[Web page caption snippets]
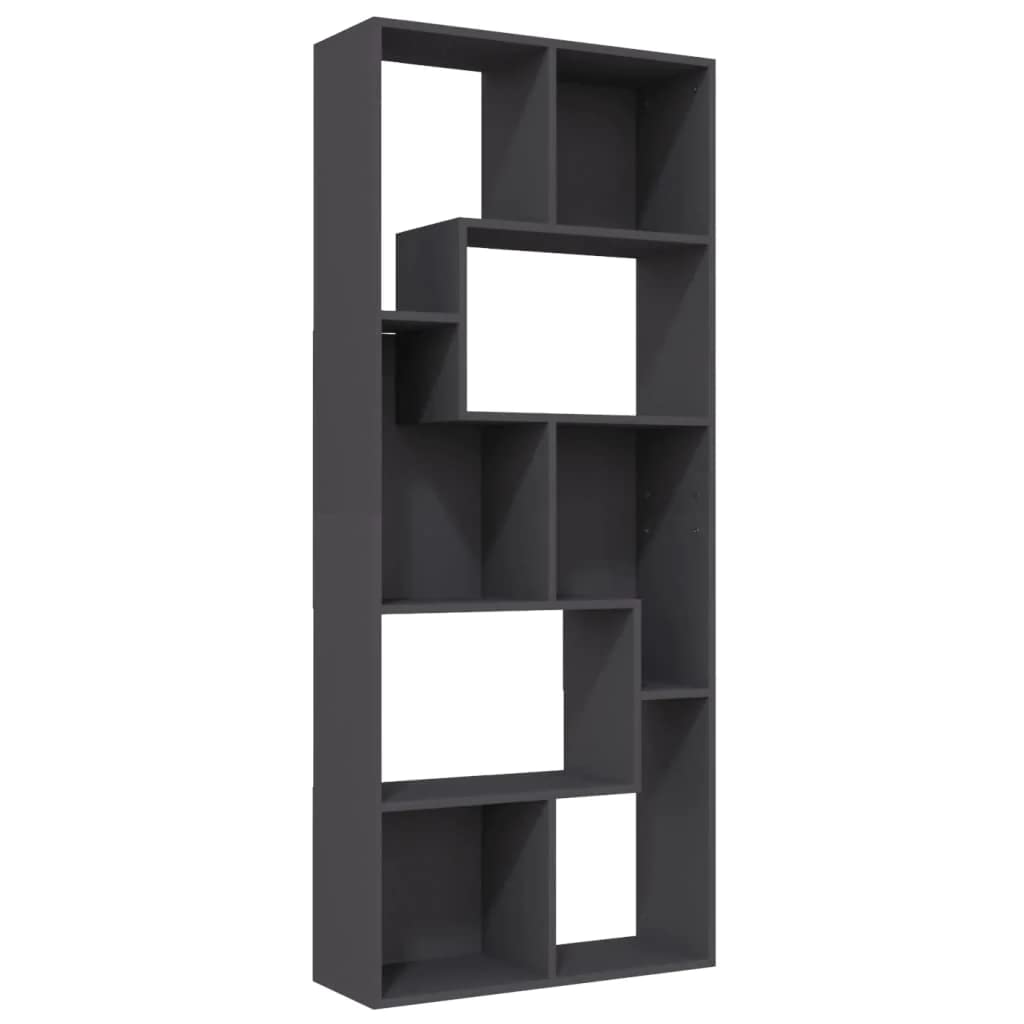 vidaXL Bookcase with 5 Shelves - Sturdy Chipboard Storage Cabinet for Books, Toys & Home Decor - Standing Shelf in Multiple Colors - Perfect for Living Room, Bedroom & Office Organization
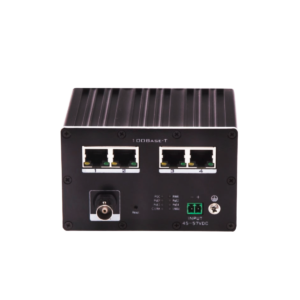 The KBC EECF1-LS4-T-WN-B is a fully ruggedized Ethernet over coax transmitter
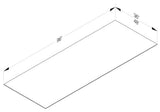 Cab-Tec Shaker Navel Kitchen Cabinet - SN-BP96361/4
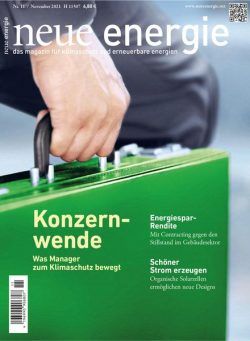 neue energie – 04 November 2021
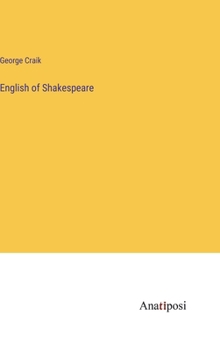 Hardcover English of Shakespeare Book
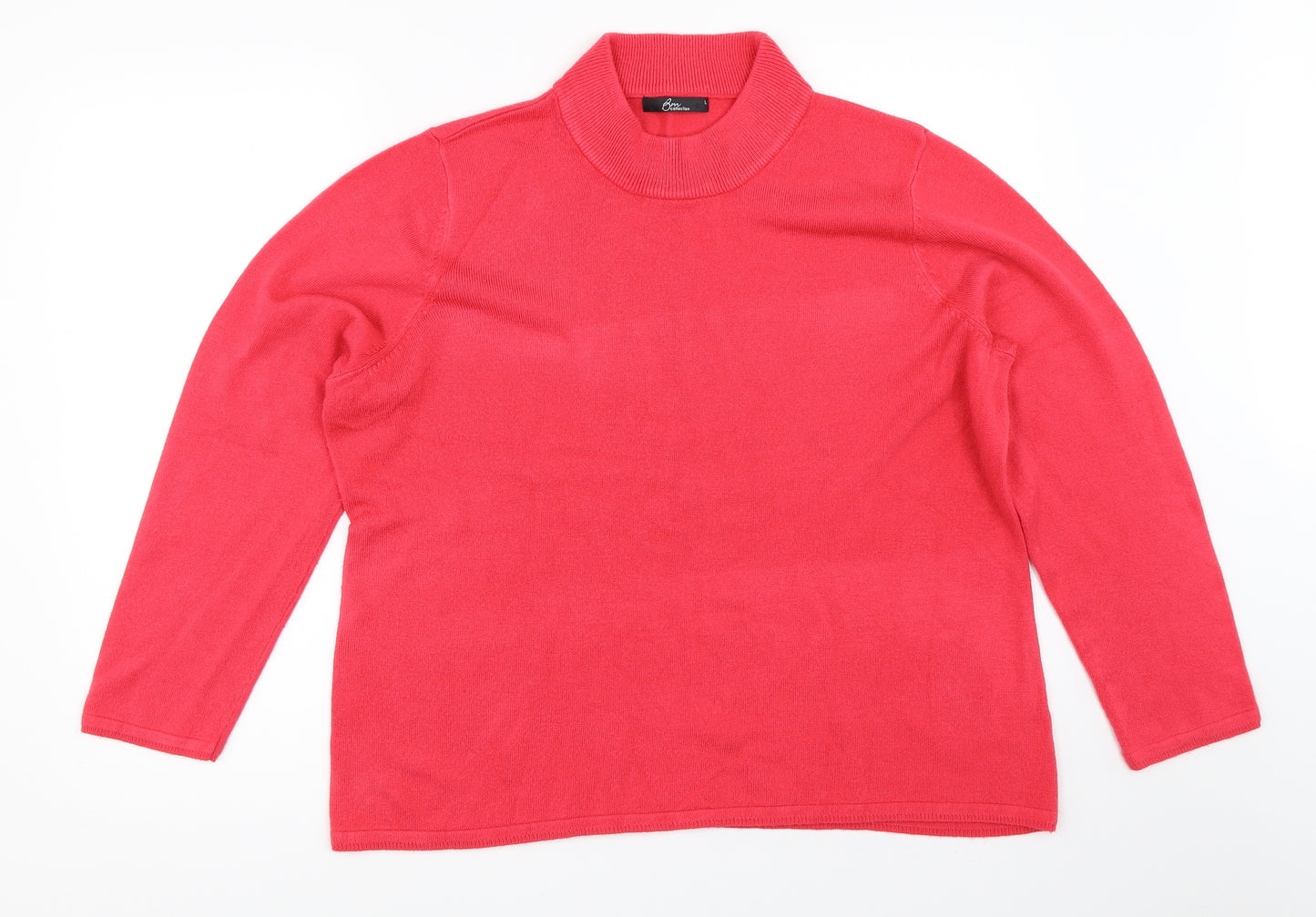 BM Womens Pink   Pullover Jumper Size L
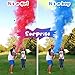 Gender Reveal Confetti Cannon, Gender Reveal Poppers 6 Pack Blue and Pink with Gender Reveal Poster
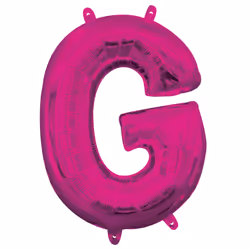 Amscan 3821511, Toy balloon, Foil, Pink, Letter, 40 cm, 5 pc(s)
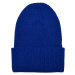 Cap made of recycled yarn, ribbed knit Royalblue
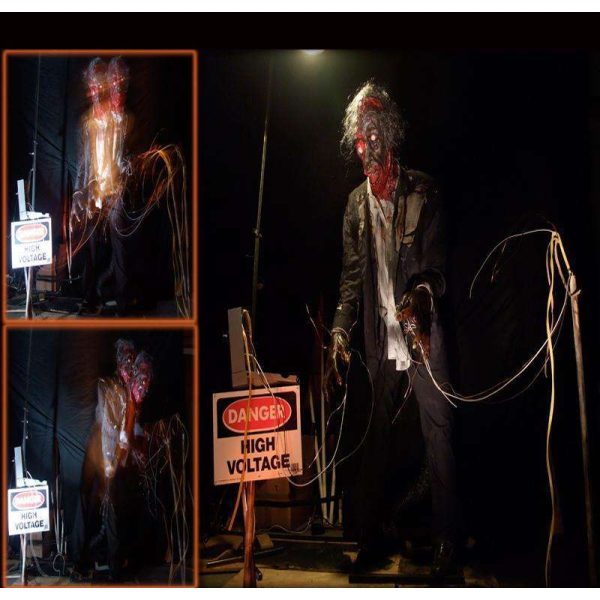 Burn Electrocution Twitcher Premium Animatronic Smoke and Lighting Effect Prop Online now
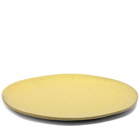 ferm LIVING Large Flow Plate in Yellow Speckle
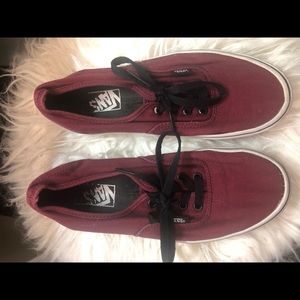 Maroon Vans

§ WHAT THE TASK REQUIRES
Copy word for word the lines of the records above from the one with "Cab-Tec Shaker Navel" up to and including the one with "Cap made of". Skip the pictures.

§ ANSWER FOR THIS EXERCISE
 Cab-Tec Shaker Navel Kitchen Cabinet - SN-BP96361/4
 neue energie – 04 November 2021
 Hardcover English of Shakespeare Book
 BM Womens Pink   Pullover Jumper Size L
 Gender Reveal Confetti Cannon, Gender Reveal Poppers 6 Pack Blue and Pink with Gender Reveal Poster
 Amscan 3821511, Toy balloon, Foil, Pink, Letter, 40 cm, 5 pc(s)
 Cap made of recycled yarn, ribbed knit Royalblue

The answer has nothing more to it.